Large-scale_structure_of_light_distribution_in_the_universe
An image showing a computer simulation (more than 50 million light years across) of one possible scenario for the large-scale distribution of light sources in the universe. Andrew Pontzen/Fabio Governato

The universe, as Douglas Adams once remarked, is mind-bogglingly big. Understandably, the sheer size of the cosmos makes it extremely difficult for us — a species inhabiting a pale blue dot in an insignificant little galaxy — to discern what space-time looks like at sufficiently large scales.

However, we are not entirely clueless. Analysis of the omnipresent cosmic microwave background (CMB) — the leftover radiation from the Big Bang — tells us that at the largest scales, the universe we live in is homogenous and isotropic. What this means is that unlike the obviously clumpy universe we see all around us, where galaxies, stars and interstellar dust are unevenly distributed, a bird’s eye view of the universe would reveal a structure that doesn’t just look the same no matter where it's viewed from, but one that also possesses properties that are the same no matter what direction you measure them in.

Now, after subjecting this theory to the most stringent test yet, a team of researchers from University College London and Imperial College London have come to the conclusion that there is only a 1 in 121,000 chance that the universe is not the same in all directions.

Their analysis is detailed in a study published Wednesday in Physical Review Letters.
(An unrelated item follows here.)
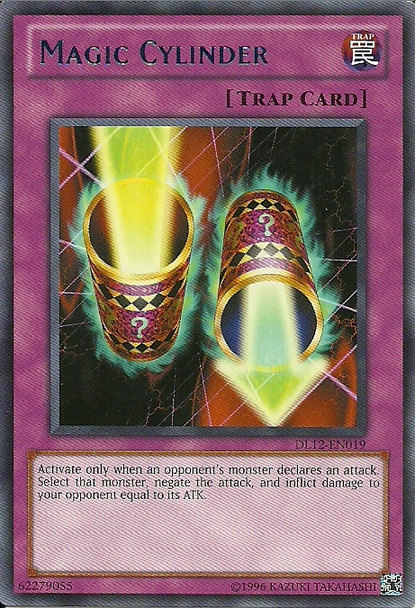 Magic Cylinder (Blue) [DL12-EN019] Rare | Arkham Games and Comics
“This work is important because it tests one of the fundamental assumptions on which almost all cosmological calculations are based: that the universe is the same in every direction. If this assumption is wrong, and our universe spins or stretches in one direction more than another, we'd have to rethink our basic picture of the universe,” co-author Stephen Feeney from Imperial College London said in a statement.
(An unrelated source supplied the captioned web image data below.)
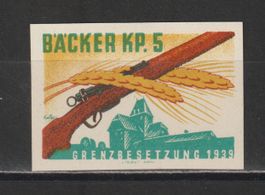 Bäcker Nr. 6/2 *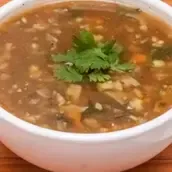 Ananda Bhavan | Hot & Sour Soup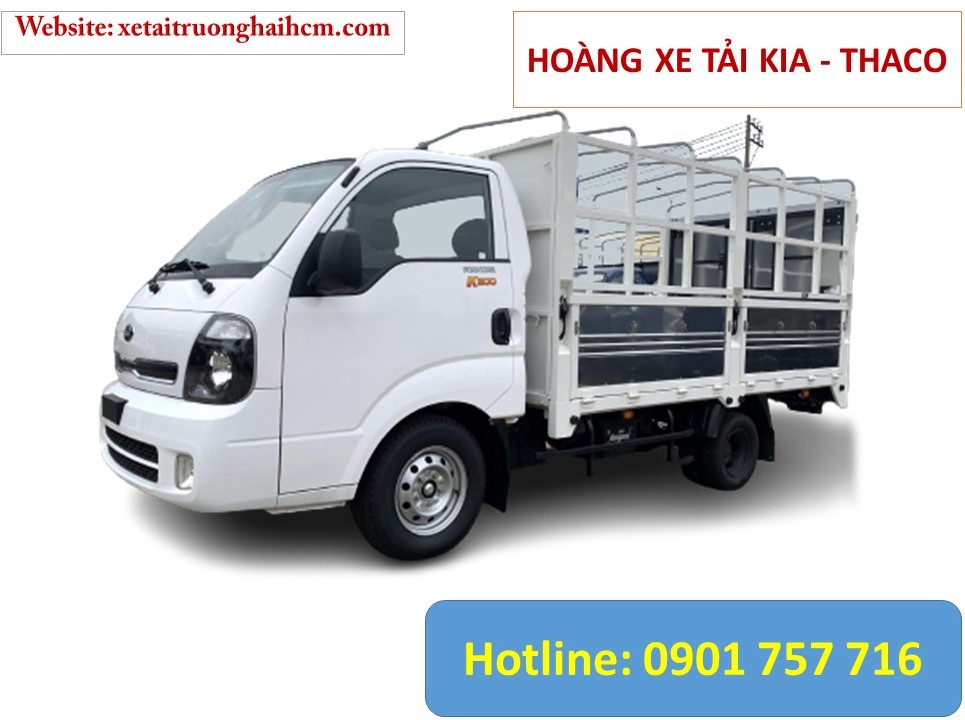 K200 Mui Bạt 3 bửng/ 5 bửng tải trọng 990kg, 1T49, 1T9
For the purpose of their study, the researchers used data gathered by the European Space Agency’s Planck space observatory to analyze the temperature and polarization of the CMB. If the universe were in fact expanding in different speeds along different directions, it would have left telltale signs in the CMB, stretching radiation from the preferred direction to longer wavelengths than others. Similarly, if the universe were rotating about a particular axis — like Earth is — it would create spiral patterns in the CMB.

The researchers found no such traces.

“We have put this assumption to its most exacting examination yet, testing for a huge variety of spinning and stretching universes that have never been considered before. When we compare these predictions to the Planck satellite's latest measurements, we find overwhelming evidence that the universe is the same in all directions,” Feeney said.
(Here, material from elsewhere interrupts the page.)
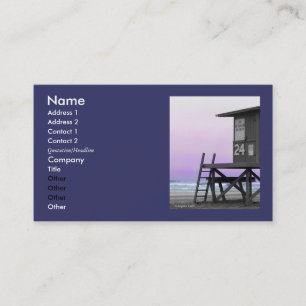 Cartes de vélo de plage de Newport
So what exactly would have happened if the researchers had discovered that the universe was not isotropic?

Beyond the fact that it would require all our current models for the evolution of the universe, including cosmic inflation, to be discarded, we don’t know, mostly because we do not have any other model to replace it. On the flip side, though, if the universe did have a preferred direction, it would help us solve Einstein’s field equations — a set of 10 equations in the general theory of relativity that describe gravity as distortion of space-time by energy and matter.

“We’re very glad that our work vindicates what most cosmologists assume,” lead author Daniela Saadeh from University College London said in the statement. “For now, cosmology is safe.”